Это халдей тоже записал.
Пока ждали кофе, я беседовала о погоде. Морозы стояли нынче. Нынче. Морозы. Березень уже. А морозы. Руки мои лежали на столе, мизинец левой почти касался пальца собеседника, который, эдакий бука, задачи облегчить не желал и разговора про погоду не поддерживал.
— Почему вы не носите кольца? Неужели жених вам его не преподнес?
Могла я похвастаться, что Семен Аристархович слишком ценит мое мастерство в револьверной стрельбе, которой драгоценности на пальцах помешать могут, а подарил он мне самолично зачарованные очки, но не стала, пожала молча плечами и спрятала руки под стол.
— А против вашей службы он не возражает?
— Если бы, Григорий Ильич, знала я, что вместо завтрака допросу о своей личной жизни подвергнусь, пожалуй, предпочла бы в присутствии вас обождать.
Официант принес кофейник с фарфоровыми чашечками, сахарницу, молочник, блюдце с заварным пирожным (просила же без крема!), и, пока накрывал на стол, мы с Волковым молчали.
«Вот чего ты, Геля, кочевряжишься? Тебе этот мужик для дела нужен, чтоб убийцу Блохина вычислить, а ведешь себя, как барышня на первом свидании. Обиделась, надулась как мышь на крупу. Ну спросил и спросил, наврала бы что-то, и вся недолга. Может, в их Британиях именно так прилично с женщинами разговаривать».
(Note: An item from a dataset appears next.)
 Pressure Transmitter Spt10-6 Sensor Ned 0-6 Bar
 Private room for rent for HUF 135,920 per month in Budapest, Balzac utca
Грудь еще кололо беспричинно. Ну то есть, что именно в кожу впивается, я знала. Оберег наш приказной. Вообще, вещица полезная и для призывов чародейских и, например, для защиты от колдовства. Помнится, на задержании одном в меня огненным шаром запулили, так отвел, только такую отметину на грудине оставил, что шрам сводить пришлось. Крестовский Ивану пользовать меня тогда не позволил (Мамаев решил, что от собственнической ревности), сам чардеил.